Box Model (Height, Width, Padding, Border, and Margin)

Box Model Image

Content

The width and height directly affect the size of the content in the box.

Gift Box Analogy: The size of the present inside of the box

Padding

The padding affects how much space there is between the content and the container that holds it.

Gift Box Analogy: The packaging peanuts

Border

The border wraps around the padding and the content.

Gift Box Analogy: Wrapping paper

Margin

The margin is the amount of space between the container and elements around it.

Gift Box Analogy: Distance to another present

Life Hack of the Century: Dev Tools!

Developer tools are the single most useful set of tools you will encounter in web development

They are built into your browser. To open, hit control/command + shift + c. Or right click and press inspect

These tools let you dig into your DOM and search through you code to see where things are and why things behave the way they do

From static sites to full-stack web applications, this will be your frontend best friend.

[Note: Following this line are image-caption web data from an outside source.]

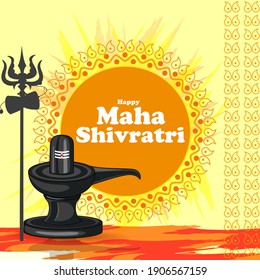 vector illustration of Lord Shiva on holy occasion of Maha Shivratri, Hindu festival of India
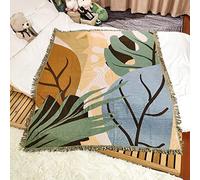 LumiSyne Double-Sided Cotton Woven Throw Blanket With Tassel Jungle Bohemian Style Tapestry Shawl Multi-Function Decorative Throws For Sofa Bed Armchair Camping Blanket Tablecloth Carpet 160x130cm
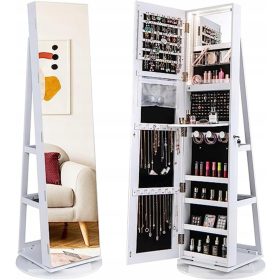  Restschrank, 360°-Ganzkörperspiegel, 3-farbige weiße LED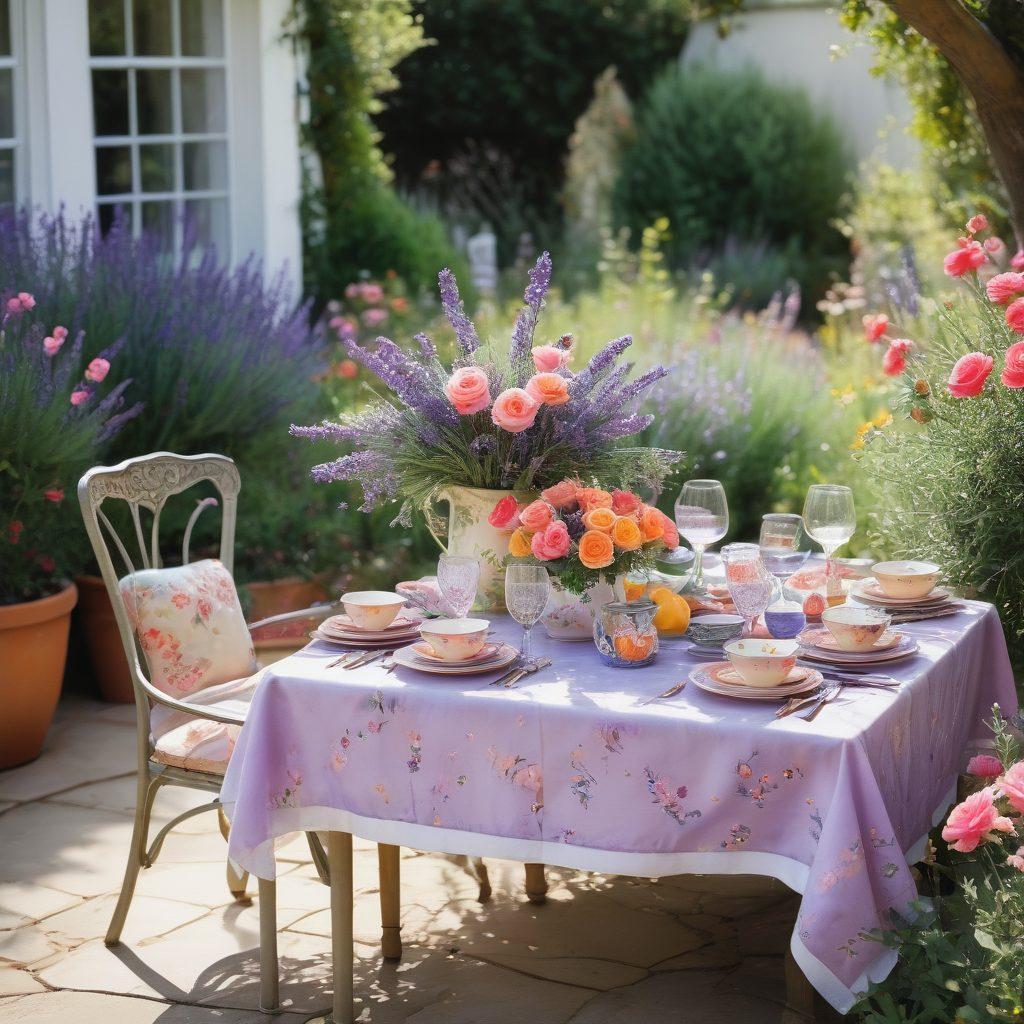 A whimsical garden setting filled with blooming lavender and vibrant roses, with a beautifully laid table featuring colorful dishes and cheerful decorations. Soft sunlight filters through the leaves, casting a warm glow over the scene. Guests of different backgrounds are joyfully mingling, adding a sense of warmth and connection. Floral patterns and cheerful designs enhance the ambiance. watercolor painting. bright colors. soft focus.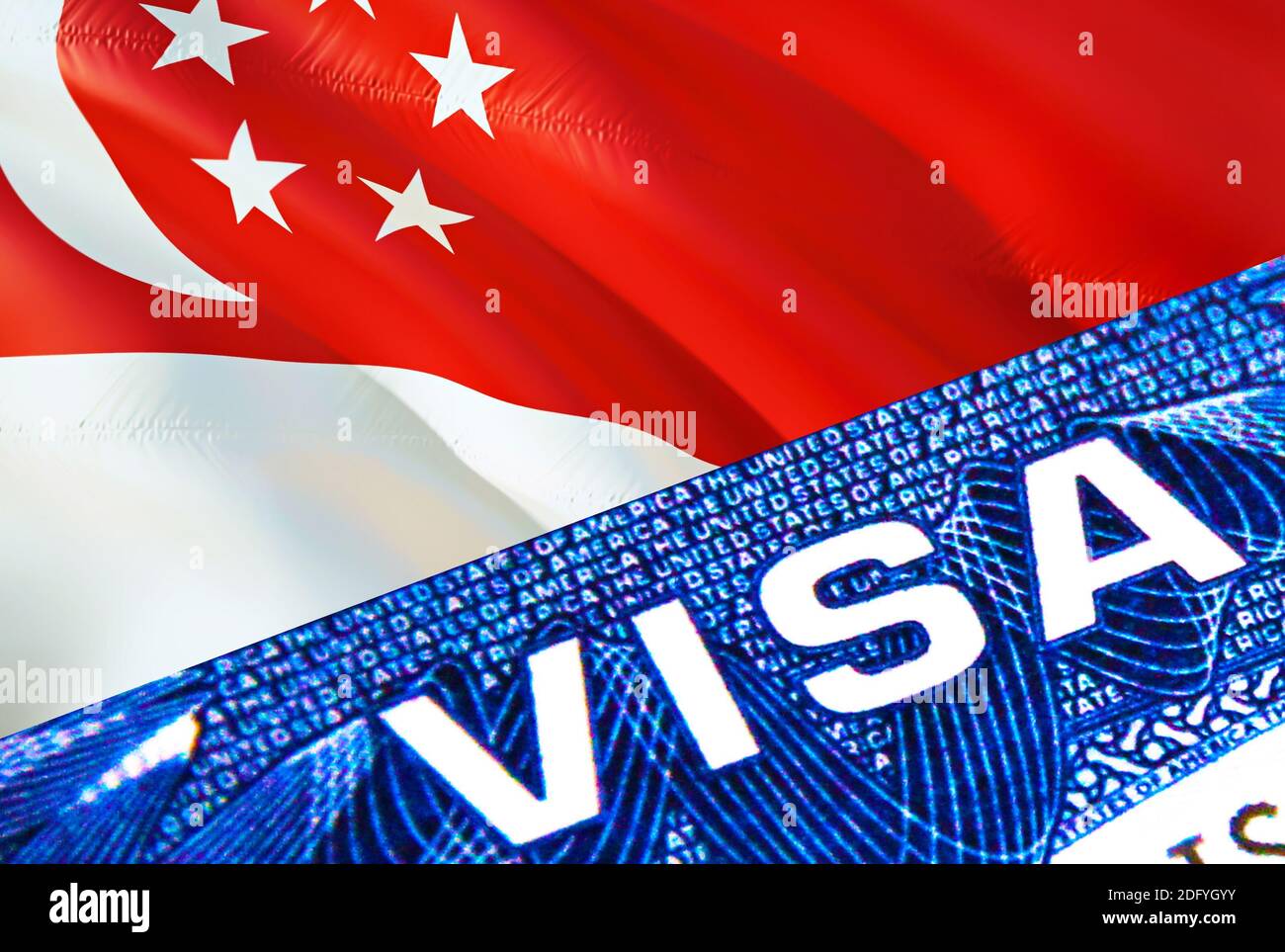 Singapore visa document close up. Passport visa on Singapore flag
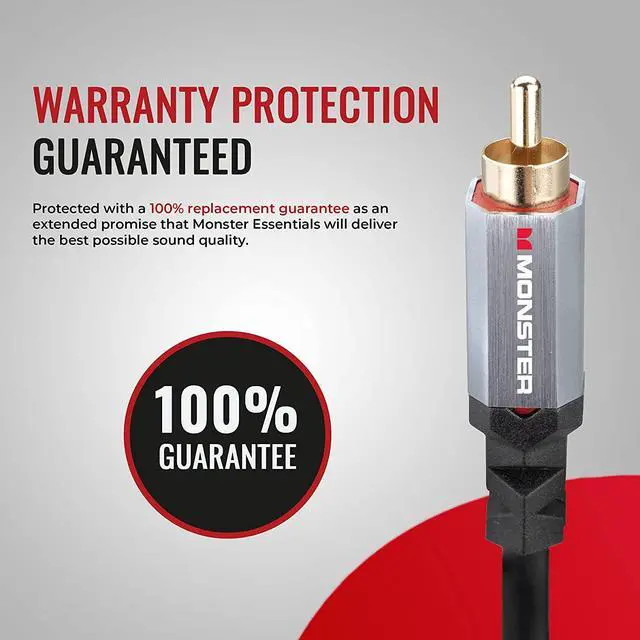 Alt view image 6 of 7 - for Essentials Subwoofer Cable - Optimized RCA Cable for Reduced Sound Interference and Enhanced Sound Quality - 13 Feet Coaxial Audio Cable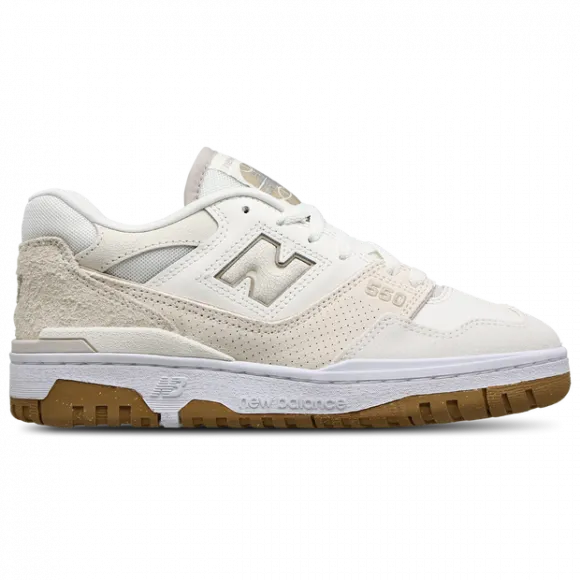 New Balance Women's 550 in White/Beige Leather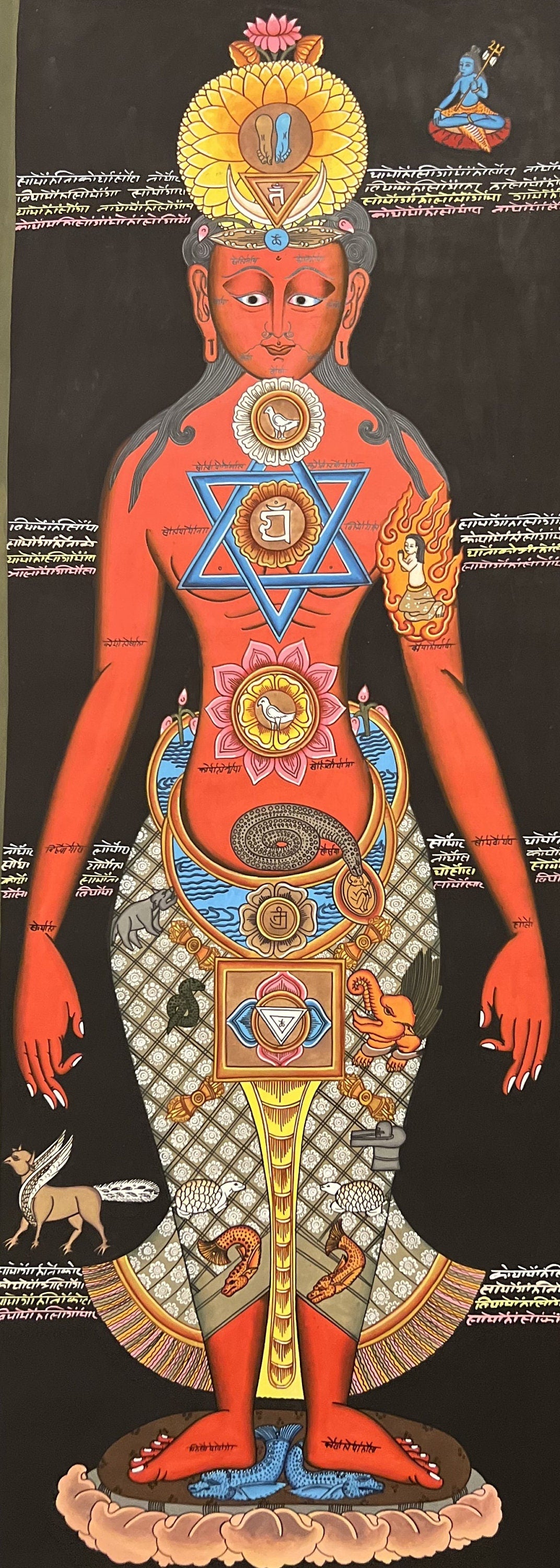 Original Hand-painted 7 Body Chakra/ Life Chakra / Kundalini Healing Masterpiece Tibetan Thangka Panting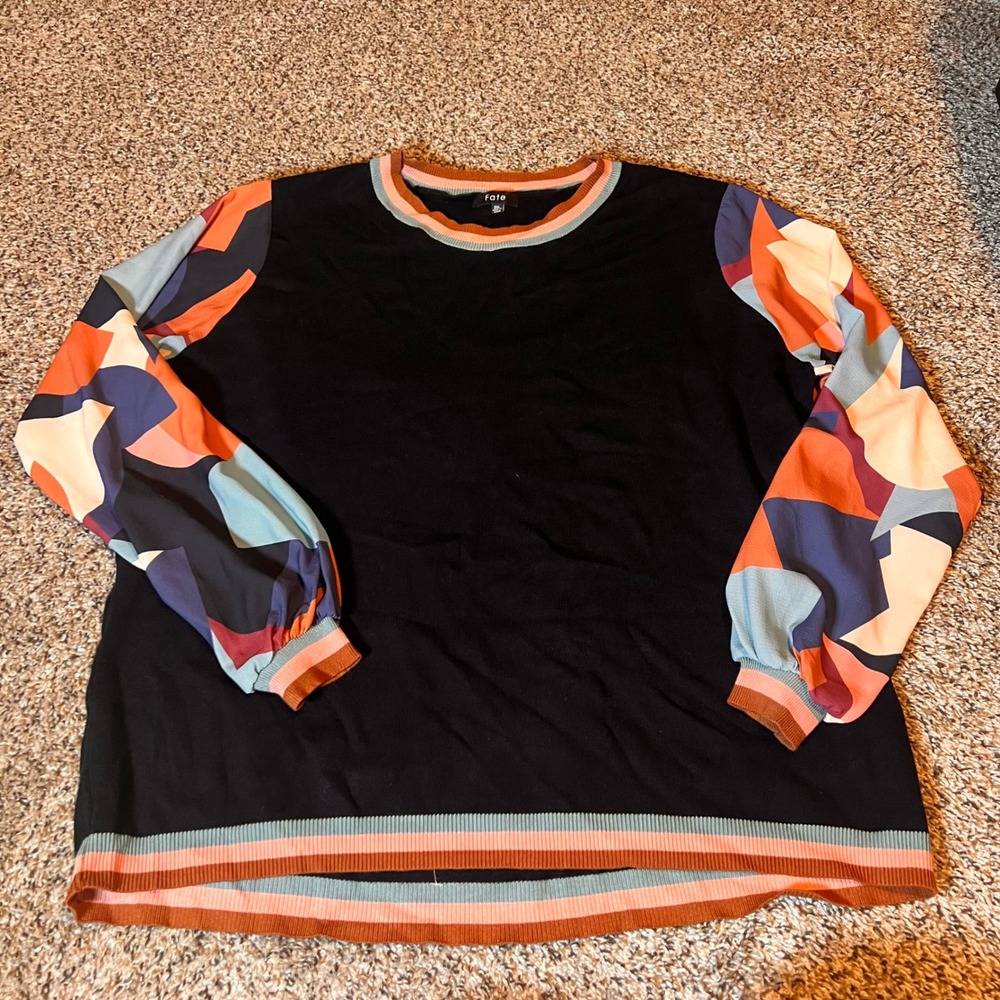 Fate Color Block Balloon‎ Sleeve Pullover Top Geometric Print 3XL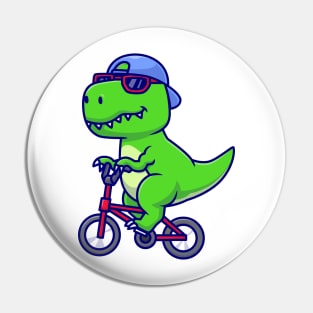 Cute dino riding cartoon Pin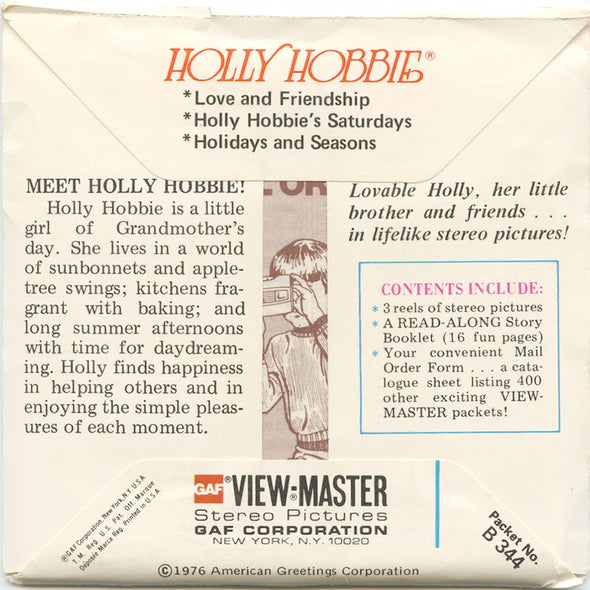 6 ANDREW - Holly Hobbie - View-Master 3 Reel Packet - 1976 - vintage - B344-G5A Packet 3dstereo 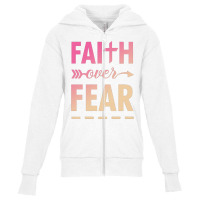 Faith Over Fear Youth Zipper Hoodie | Artistshot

What can you do with dev tools?

  • Click on divs and see their exact styling and where the styling is coming from.
  • Run lighthouse testing to see how speedy and accessible your site is.
  • Make updates to your code and see updates in real time before changing it in your real code.
  • Check the network tab to see server responses and interactions.

Enough talk, let's open up those dev tools!

tip

StarterCSS is a beginner-friendly devtools extension to shorten time spent Googling for CSS docs and tutorials. If you're looking to ease into CSS and Devtools, we recommend you check it out!

Conclusion

  • CSS is the furniture, the wallpaper, the vibes of the house.
  • Without CSS, we would never want to visit the internet ever again.
  • CSS can be finicky and annoying to grasp at first, but with dev tools, patience, and practice, you'll be able to handle any styling problem in an instant!